I would be VERY careful about powder coating a wire spoke wheel. Most likely the wheel will need to be bead blasted to prepare the metal to accept the powder coating. Depending on the metals used, in the wheel, between spoke and rim, the peening of the bead blast can change the hardness of the spoke. Additionally the baking process to harden the powder coat can further alter the hardness to the point where the wheel is no longer sound either vertically or laterally. Lastly, depending on the amount of rust and its locations one might question the integrity of the wheel.

You may be able to get away with it and it appears that some have however I personally would not try it.

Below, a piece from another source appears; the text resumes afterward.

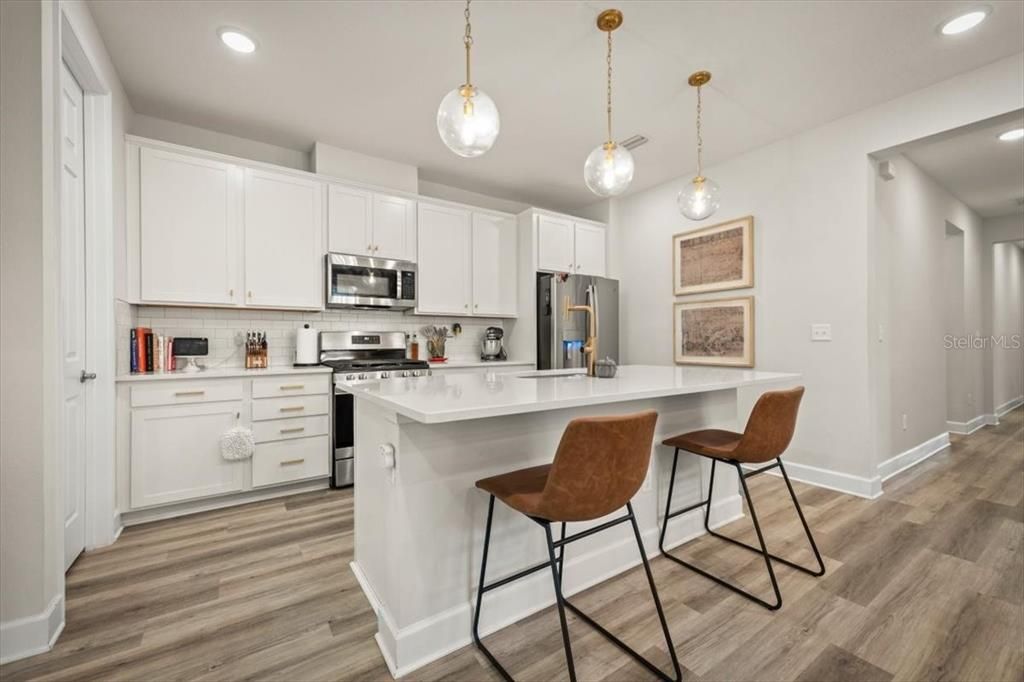 Kitchen with island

As the wheel is the heart of the cart!, I think I would opt for new wheels instead. Your horses safety is worth it.

Bb


----------



## MiLo Minis (Mar 5, 2010)

Carriage said:


> LindaL said:
> 
> 
> > Thanks! I understand about not using bike wheels, but taking the wheels to a bike shop to have them evaluated sounds like a good idea. I also like the idea of powdercoating the wheels if they are not warped, because they are a little rusted.
> ...


WOW! Really good info and advice from someone who obviously knows their metal - THANK YOU!


----------



## LindaL (Mar 21, 2010)

Well, we found out that our cart wheels are both warped and unfixable...bummer! So, now we are looking for some new (or new "used" ) wheels. Checked with a Jerald dealer and they wanted $425/ pr...ouch! Then clicked on a link that someone here had posted for wheels and they only want $42.50 per wheel....BUT will they fit a Jerald cart?? (They are generic). I emailed them about it, so will see...

Eventually we will be driving our horse in a show cart....


----------



## Katiean (Mar 21, 2010)

If the axle and hub width fit you should be OK. I know they are not Jerald but, some of us can not afford $425 for wheels. I had to buy new wheels last year before the show for my show cart. This cart has only been used in shows. It was a cheep cart and the first year the bearings went out. It cost me $125 for a pair of new wheels that I almost didn't find. I used it with the new wheels last year in the 2 back to back shows we go to and it is back in storage. I do not even practice in my show cart. I did get Kevlar tubes for the show cart though because you don't need flats at a show and I hate that green goop you put in tires. Kevlar stands up to the goat head thorns we have here.


----------